** Opening DATA SEGMENT block **
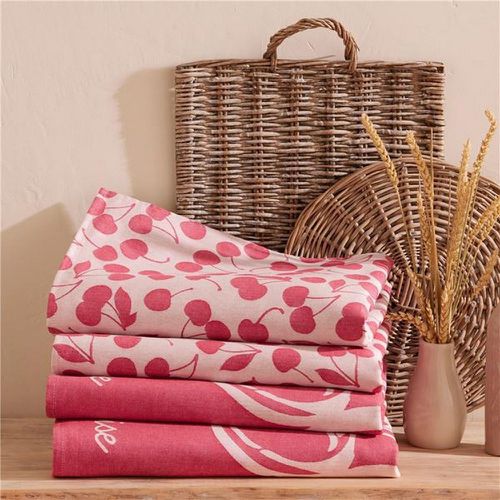 Lot de 4 torchons CERISIER en coton cerise - Becquet - Modalova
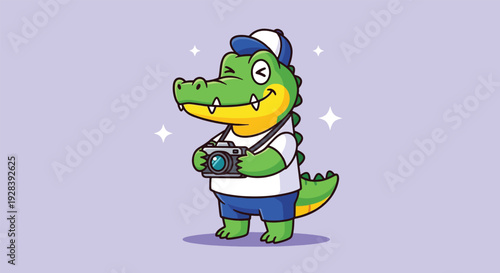 Cute Alligator Photographer Cartoon Illustration.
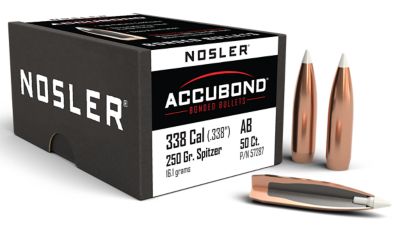 Nosler AccuBond .338 Caliber 250-Grain Spitzer Point Reloading Rifle Bullets, 50 Rounds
** Closing DATA SEGMENT block **
- [REQUIREMENT]:
Return all the lines above exactly; none of the pictures should appear.

- [PROBLEM SOLUTION]:
 Lot de 4 torchons CERISIER en coton cerise - Becquet - Modalova
 Cute Alligator Photographer Cartoon Illustration.
 Nosler AccuBond .338 Caliber 250-Grain Spitzer Point Reloading Rifle Bullets, 50 Rounds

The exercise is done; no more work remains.